___ Dataset excerpts
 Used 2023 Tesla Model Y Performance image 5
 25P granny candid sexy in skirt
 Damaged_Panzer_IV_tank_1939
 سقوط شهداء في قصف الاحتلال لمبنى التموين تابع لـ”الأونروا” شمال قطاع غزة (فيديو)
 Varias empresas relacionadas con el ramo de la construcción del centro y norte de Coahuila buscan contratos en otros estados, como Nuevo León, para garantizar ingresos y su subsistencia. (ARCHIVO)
______
___ Dataset excerpts
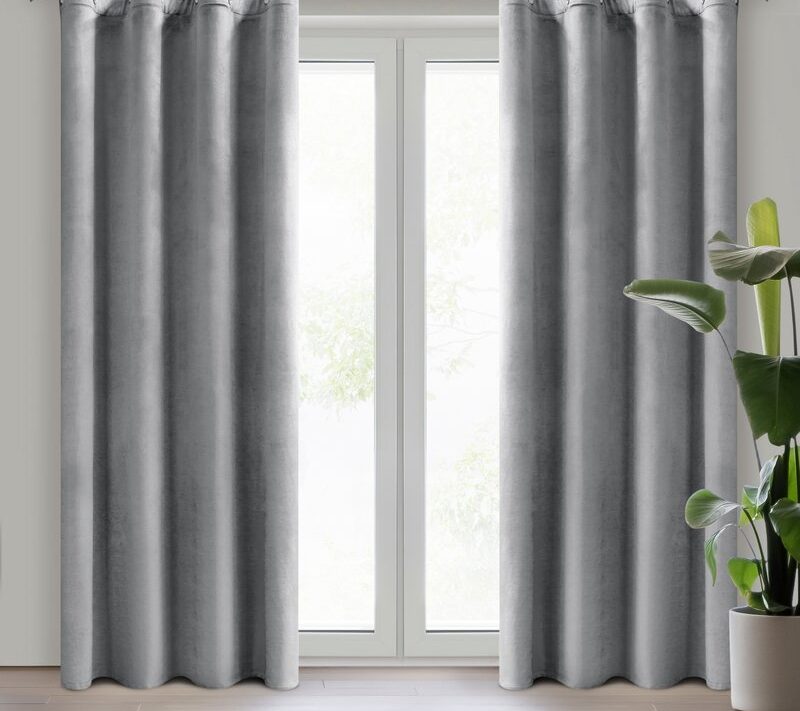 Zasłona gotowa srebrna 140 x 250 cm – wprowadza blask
______
___ Dataset excerpts
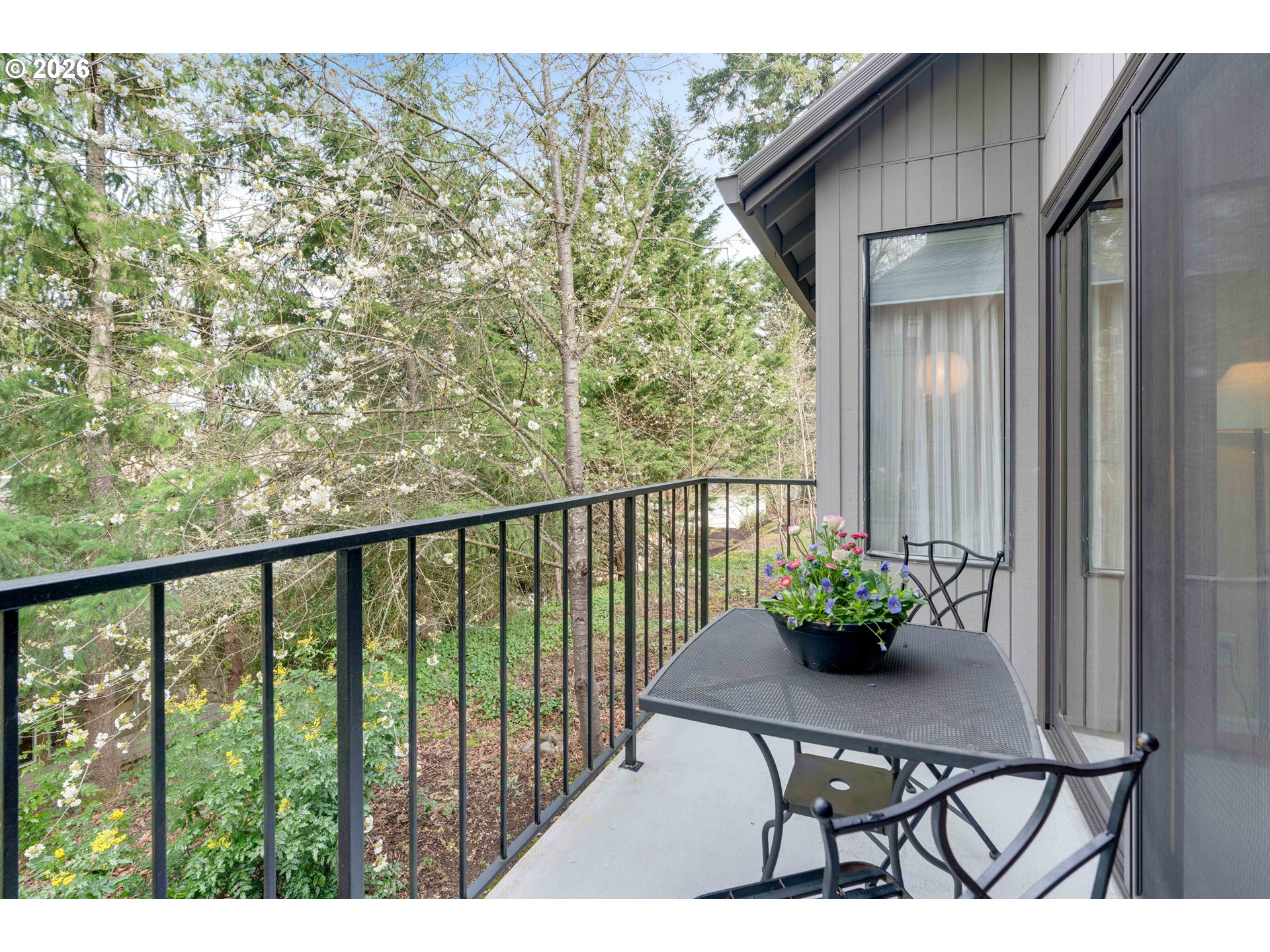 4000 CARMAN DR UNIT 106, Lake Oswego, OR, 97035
______
§ Problem:
Every line above from the line with "25P granny candid sexy in skirt" to the line with "Varias empresas relacionadas", inclusive, must be returned exactly; no other line belongs in the reply.

§ Answer to the exercise:
 25P granny candid sexy in skirt
 Damaged_Panzer_IV_tank_1939
 سقوط شهداء في قصف الاحتلال لمبنى التموين تابع لـ”الأونروا” شمال قطاع غزة (فيديو)
 Varias empresas relacionadas con el ramo de la construcción del centro y norte de Coahuila buscan contratos en otros estados, como Nuevo León, para garantizar ingresos y su subsistencia. (ARCHIVO)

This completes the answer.